─── DATASET

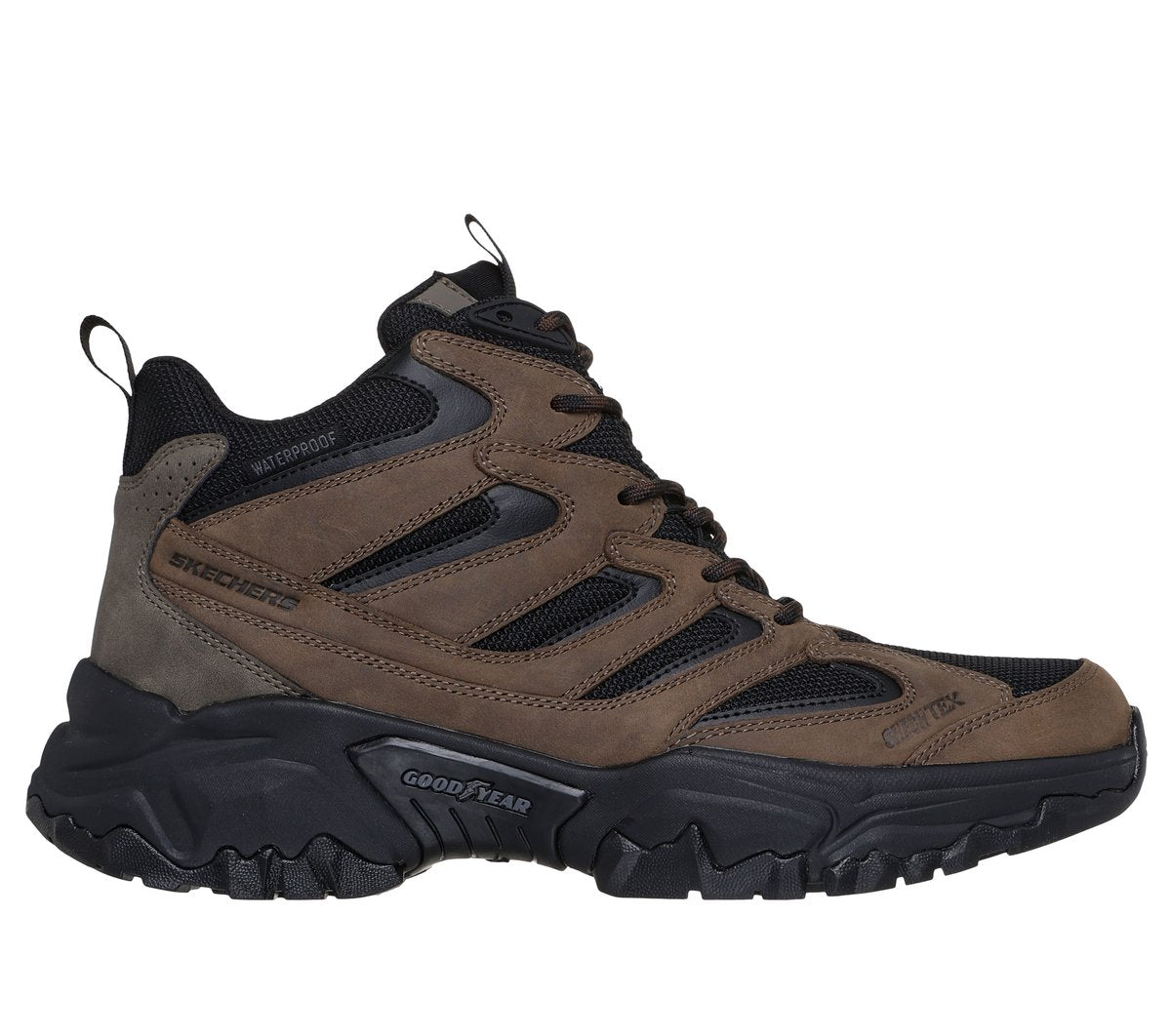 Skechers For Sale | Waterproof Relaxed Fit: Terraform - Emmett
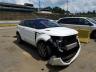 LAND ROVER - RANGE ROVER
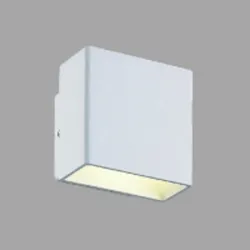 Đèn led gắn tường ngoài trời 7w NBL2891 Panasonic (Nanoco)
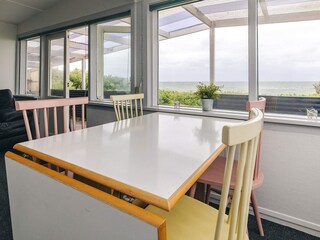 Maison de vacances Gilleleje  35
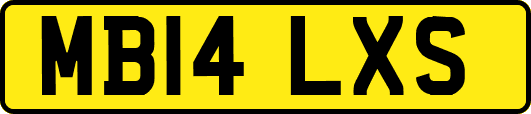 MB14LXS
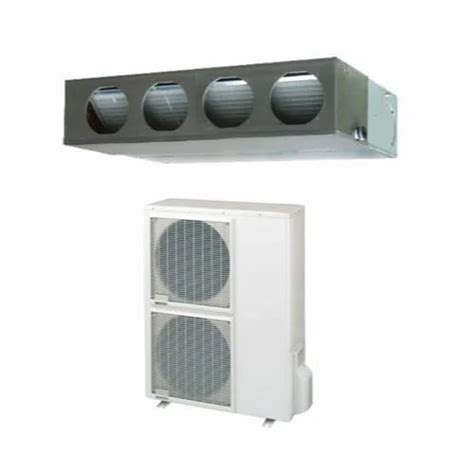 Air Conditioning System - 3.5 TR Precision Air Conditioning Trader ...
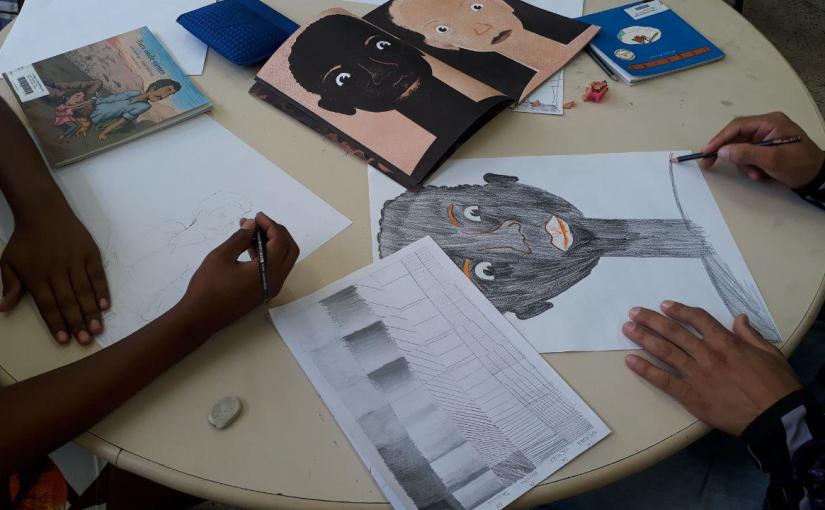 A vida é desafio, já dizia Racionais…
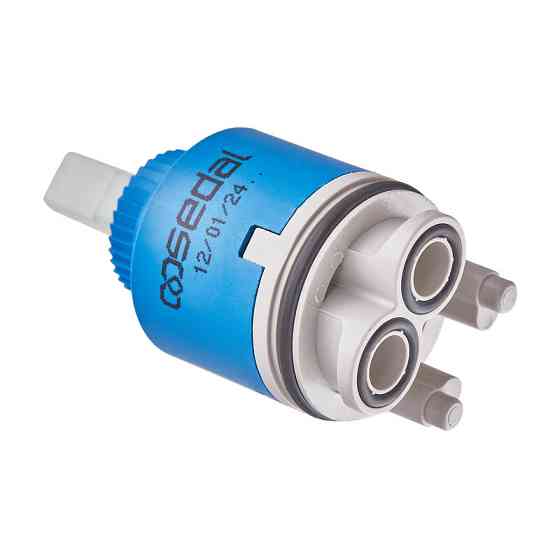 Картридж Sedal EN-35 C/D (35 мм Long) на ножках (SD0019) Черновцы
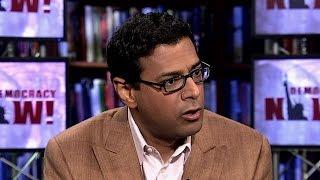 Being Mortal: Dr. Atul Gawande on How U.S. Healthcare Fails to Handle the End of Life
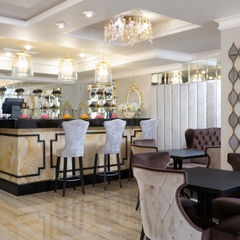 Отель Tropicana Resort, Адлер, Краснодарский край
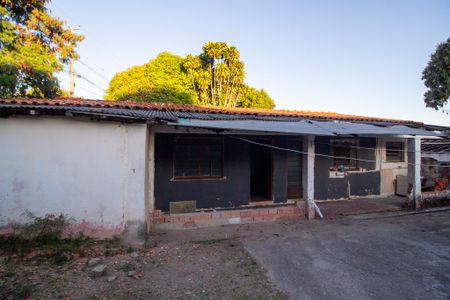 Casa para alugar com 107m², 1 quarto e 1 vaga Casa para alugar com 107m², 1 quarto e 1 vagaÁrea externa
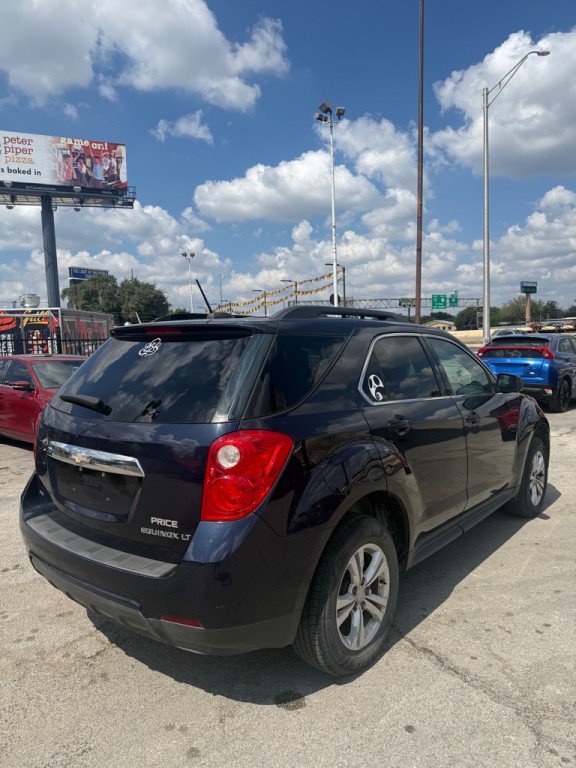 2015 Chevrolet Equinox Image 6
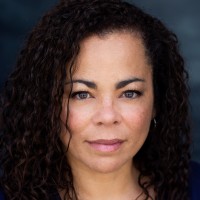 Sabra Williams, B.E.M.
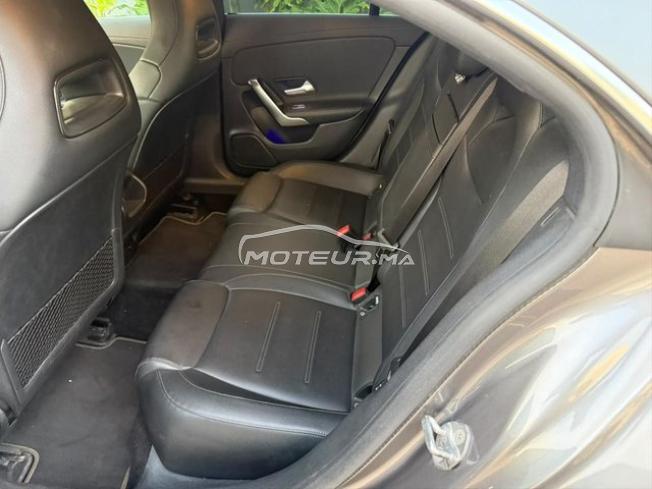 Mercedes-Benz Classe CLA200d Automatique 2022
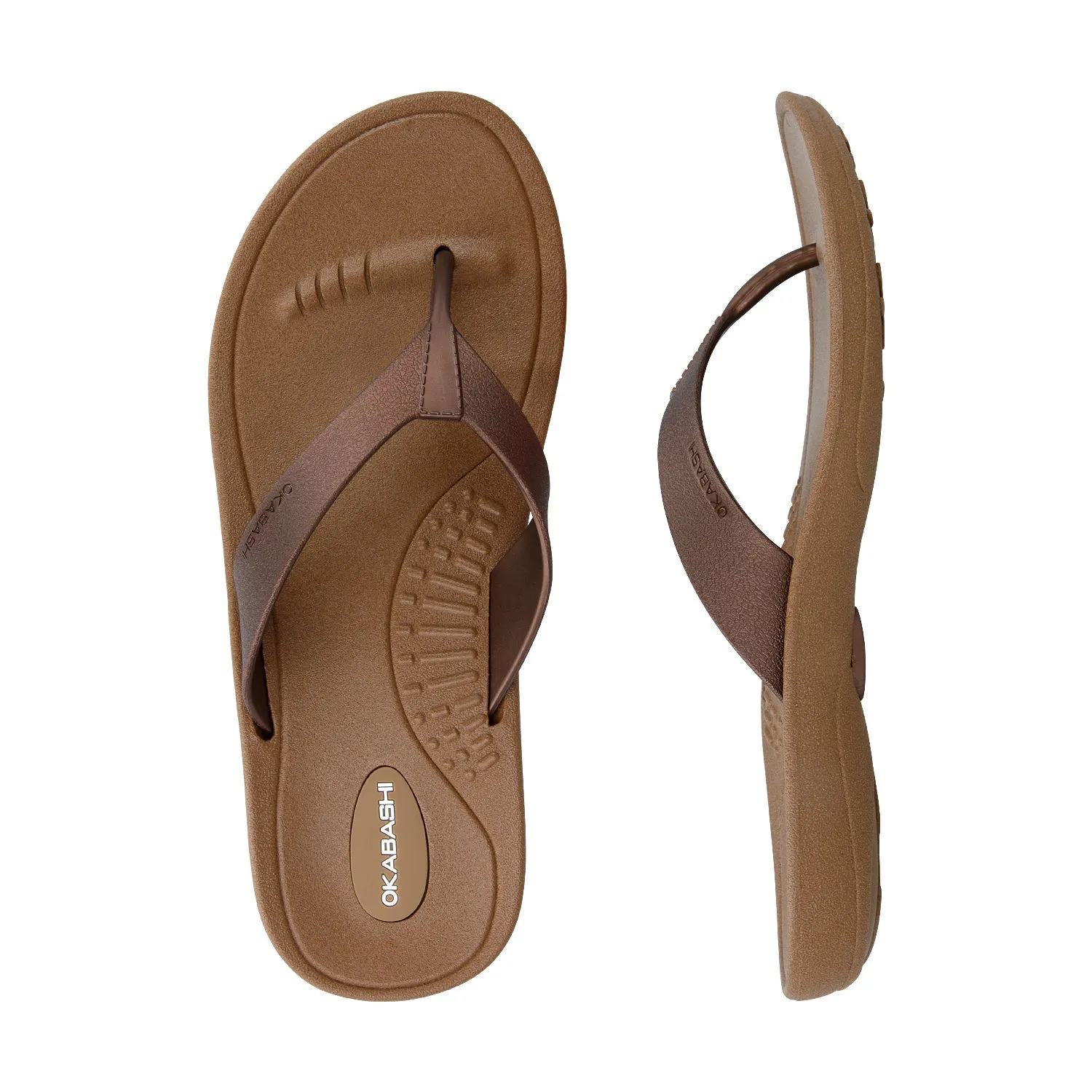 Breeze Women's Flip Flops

──────

* **EXERCISE DESCRIPTION**:
For every entry, return its exact wording and leave out any image.

* **EXERCISE RESPONSE**:
 Skechers For Sale | Waterproof Relaxed Fit: Terraform - Emmett
 LAND ROVER - RANGE ROVER
 Đèn led gắn tường ngoài trời 7w NBL2891 Panasonic (Nanoco)
 Maison de vacances Gilleleje  35
 MB14LXS
 Air Conditioning System - 3.5 TR Precision Air Conditioning Trader ...
 A vida é desafio, já dizia Racionais…
 Картридж Sedal EN-35 C/D (35 мм Long) на ножках (SD0019) Черновцы
 Being Mortal: Dr. Atul Gawande on How U.S. Healthcare Fails to Handle the End of Life
 Отель Tropicana Resort, Адлер, Краснодарский край
 Casa para alugar com 107m², 1 quarto e 1 vaga Casa para alugar com 107m², 1 quarto e 1 vagaÁrea externa
 2015 Chevrolet Equinox Image 6
 Sabra Williams, B.E.M.
 Mercedes-Benz Classe CLA200d Automatique 2022
 Breeze Women's Flip Flops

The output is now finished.